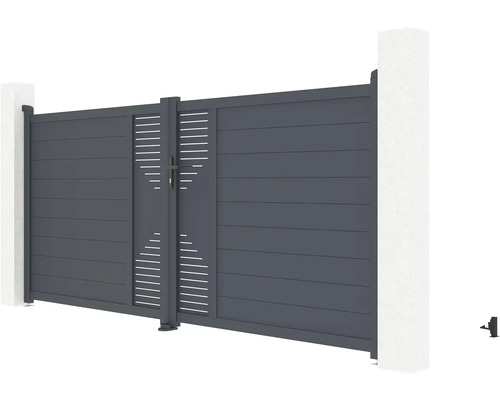 Hliníková posuvná brána s vodorovnými lamelami a ozdobnými výřezy mezi dvěma sloupky brány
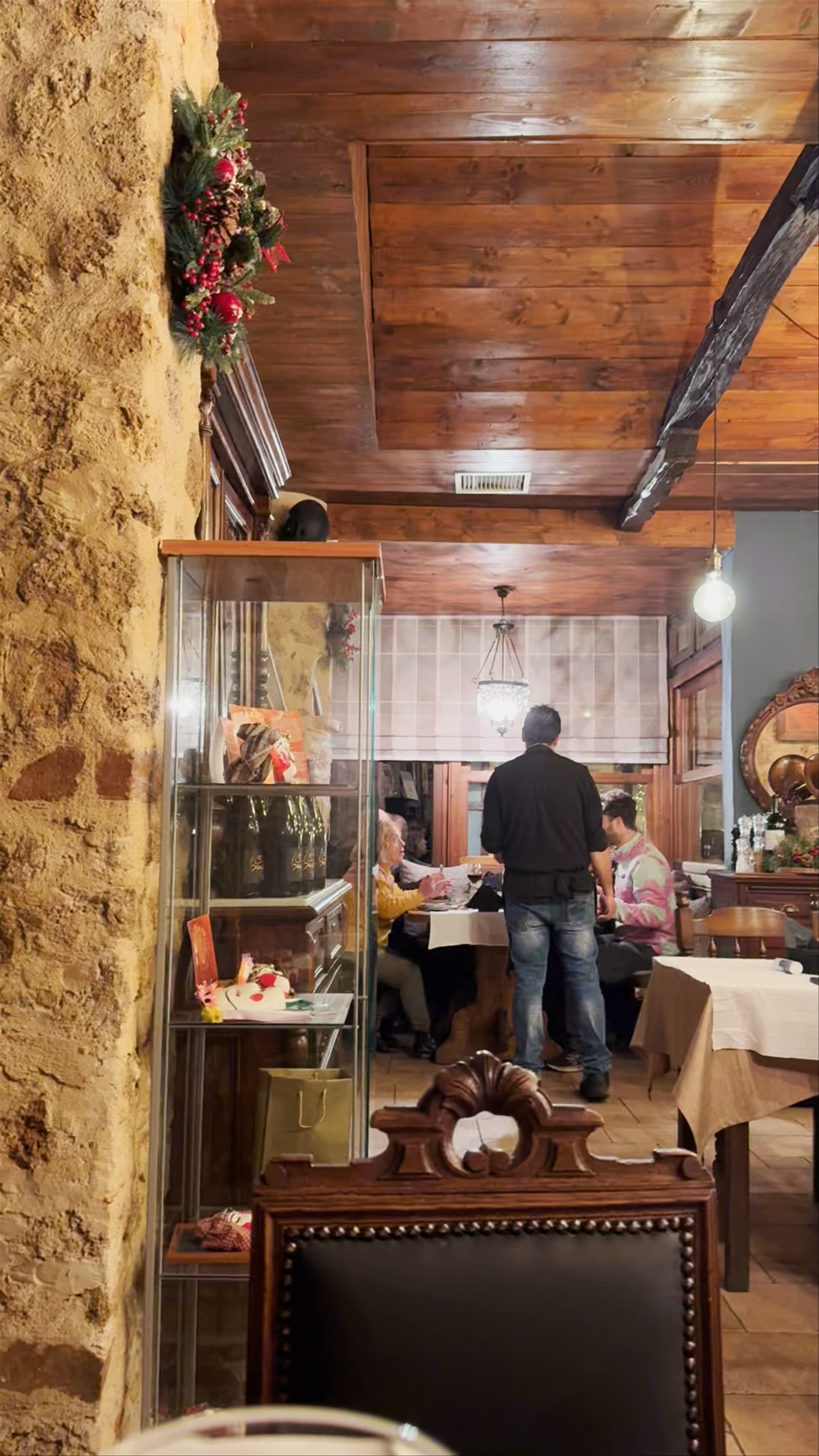 Warm, Traditional Evening at Χάραμα Restaurant in Arkochori, Greece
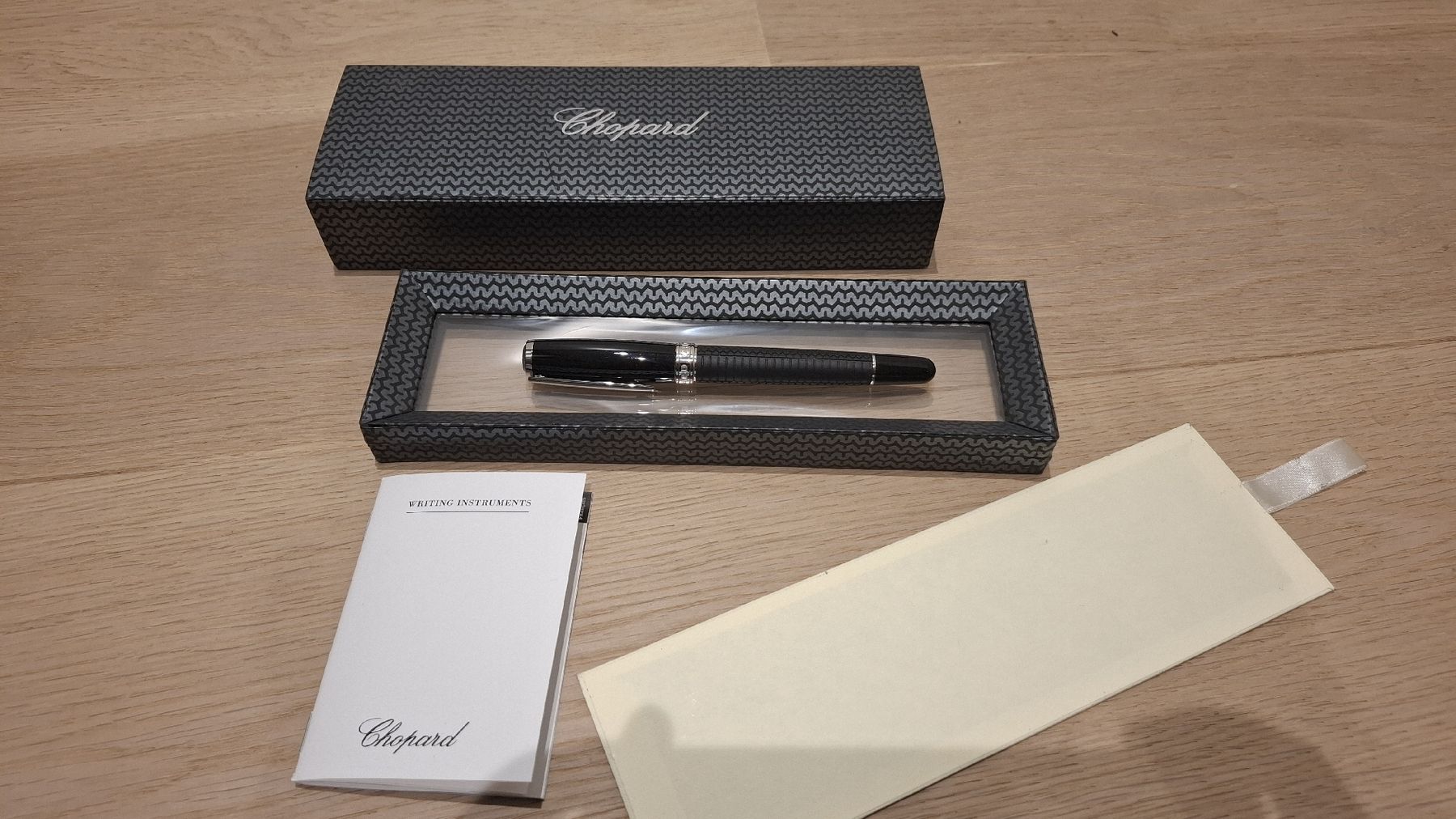 Chopard Penna & Evidenziatori: Chopard, ballpoint pen, black ink – Nuovo (secondo la descrizione) da Zürich venduto da pto_6wfs 2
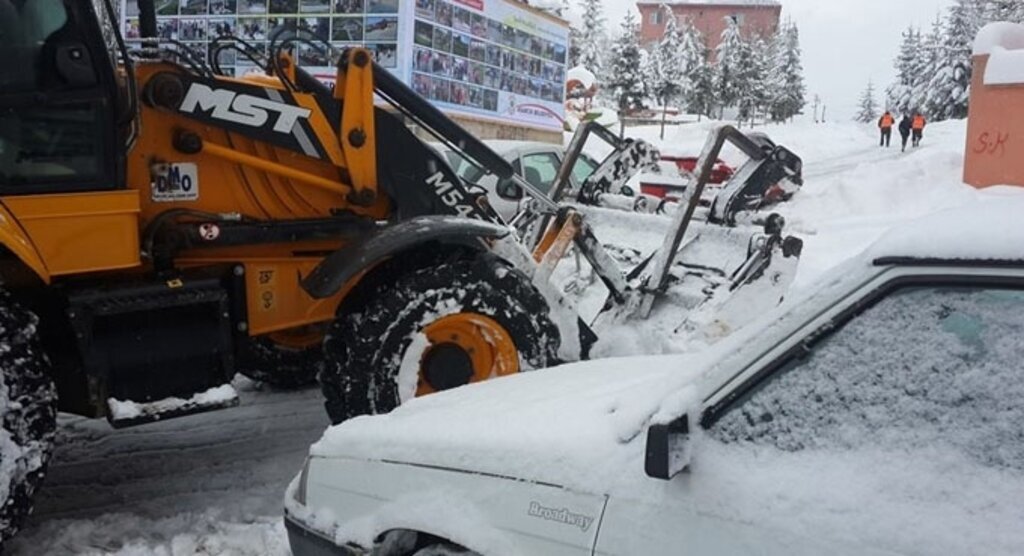 Asarcık'ta karla mücadele devam ediyor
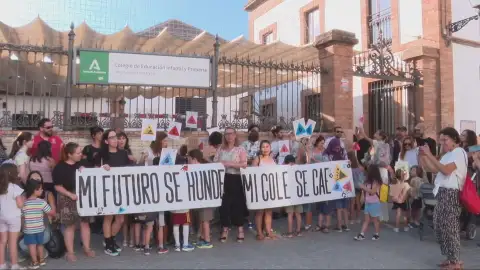 Profesores y familias claman contra el calor en las aulas y amenazan con denuncias masivas Profesores y familias claman contra el calor en las aulas y amenazan con denuncias masivas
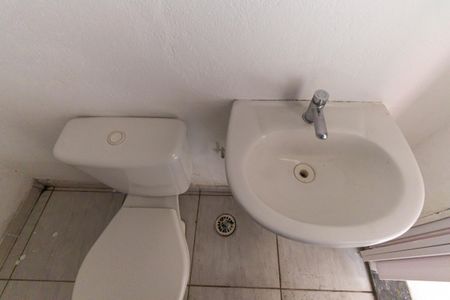 Casa de condomínio para alugar com 90m², 2 quartos e 2 vagasLavabo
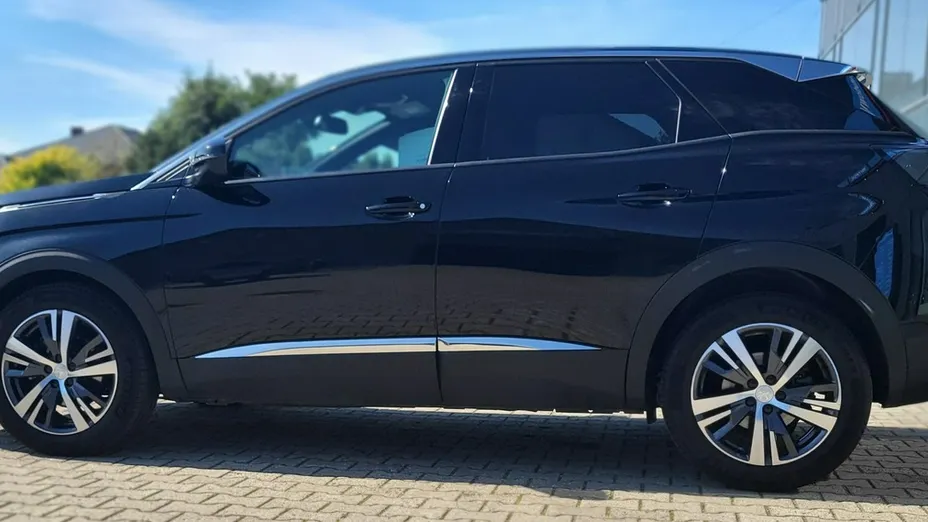 PEUGEOT 3008 -
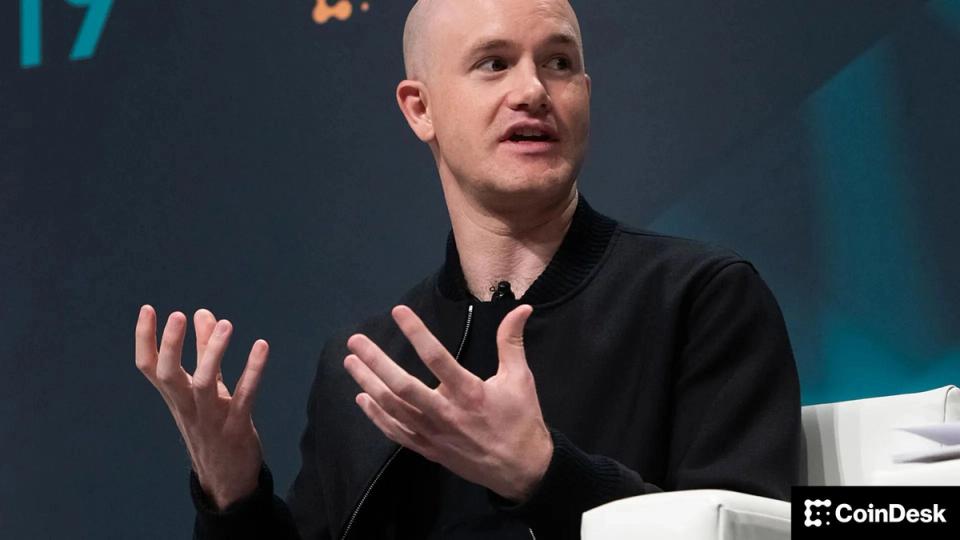 Coinbase hisseleri, kripto ticaretinin yavaşlaması nedeniyle ilk çeyrekte sürpriz bir kayıp yaşadıktan sonra %4 düştü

== Required work ==
Without the pictures, write out the entire listing exactly.

== Written response ==
 Hliníková posuvná brána s vodorovnými lamelami a ozdobnými výřezy mezi dvěma sloupky brány
 Warm, Traditional Evening at Χάραμα Restaurant in Arkochori, Greece
 Chopard Penna & Evidenziatori: Chopard, ballpoint pen, black ink – Nuovo (secondo la descrizione) da Zürich venduto da pto_6wfs 2
 Asarcık'ta karla mücadele devam ediyor
 Profesores y familias claman contra el calor en las aulas y amenazan con denuncias masivas Profesores y familias claman contra el calor en las aulas y amenazan con denuncias masivas
 Casa de condomínio para alugar com 90m², 2 quartos e 2 vagasLavabo
 PEUGEOT 3008 -
 Coinbase hisseleri, kripto ticaretinin yavaşlaması nedeniyle ilk çeyrekte sürpriz bir kayıp yaşadıktan sonra %4 düştü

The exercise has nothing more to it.